So as the fire warms my feet and shins Clark is asleep on his bed at a distance as it is probably about 76 degrees outside and the fire does not feel as good to him as it does to someone like me who just got assaulted with chemicals today.  It makes me chilly.  The stuff is chilly when it goes in, makes you chilly and all chicken skin-ny and then you stay cool the rest of the day (when you are not having hot flashes).

Fire is always nice though.  It's all a part of camping, well at least car camping.  I love to watch it.  I love to watch the way the logs crack and fissure and make crazy firey landscapes.

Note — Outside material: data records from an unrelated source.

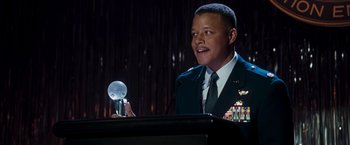 Movie still from “Iron Man” (2008), directed by Jon Favreau – A man in a military uniform speaking at a podium; Close Up shot, Low angle
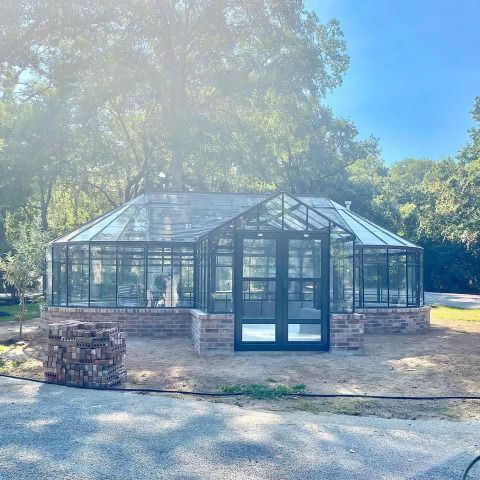 Glass greenhouse with black-framed doors and brick base beside trees on a sunny day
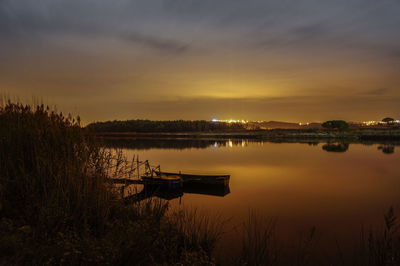 Scenic view of calm lake at sunset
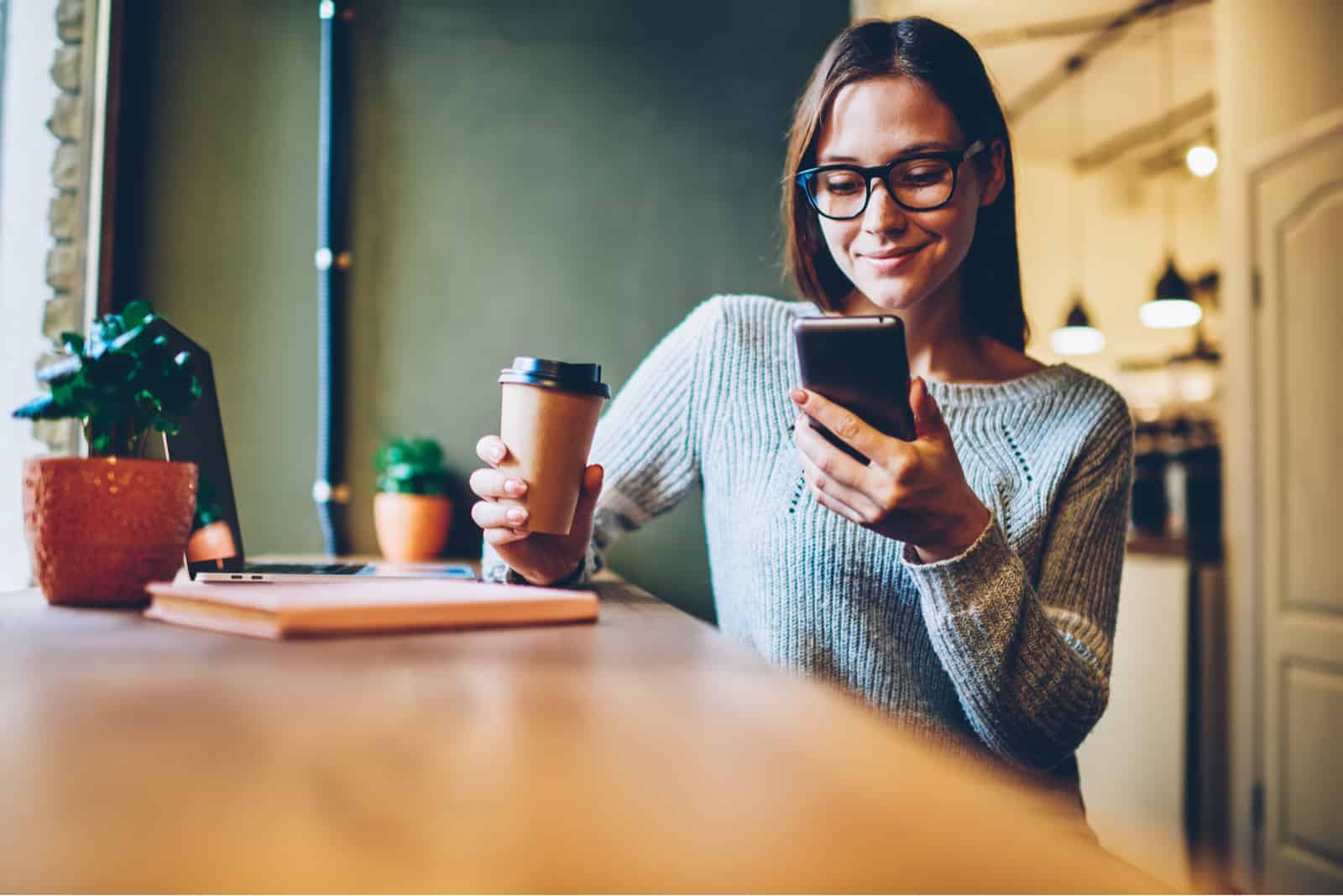une femme assise avec du café tenant un téléphone dans sa main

Clark's been protecting me all night. Growling at critters in the woods.  I'm camping in a beautiful spot by the Sandy river near the town of Zig Zag.  The landscape looks very volcanic.  The trees are short and thin and the ground is all mossy and rocky.  It is sort of eerie in a beautiful way.  I have always wanted to spend and evening here ever since I first saw it last summer when Jeff and I had our first Oregon hiking date.  I know he was a keeper at this point, it was our 4th date, but I knew.  We went to Burnt Lake.  We ate at Bernie's Southern Bistro the night before and I think we had wings at Fire on the Mountain that evening.  There was live music.  It was perfect.

Surprisingly Clark is a really good camper.  So far we haven't slept in the same tent yet but I think it will be just fine.  He is a snuggler.  Most likely he is gonna try to steal my comfy sleeping pad in exchange for his cedar bed from Costco.

The start, ah yes, I keep getting sidetracked...chemo head.  My good friends know I've got it bad.  I've stopped being quite so hard on myself for it though.  I'm still learning.  Lessons, lessons.  Good things, those lessons :)

Yes, back to the stars.  There is hardly a moon so the sky is very black.  The stars shine as if the sky were a giant black canvas illuminated from behind with a very bright light and millions of holes pricked in the cloth are the stars.  Some are larger and brighter than others, some are smaller and orange or green or red or blue, some flicker.  Then I see a shooting star, well, a meteor!  My first one of the evening. Beautiful!  I tell Clark what I just saw.  He looks up from tired eyes and acknowledges my find unenthusiastically.  I poke the fire some, then some more. I really like to play with the fire.  Ask anyone who has ever gone camping with me.  I can make (and maintain) a pretty darn good fire.  It is one of my skills, look out Napoleon Dynamite!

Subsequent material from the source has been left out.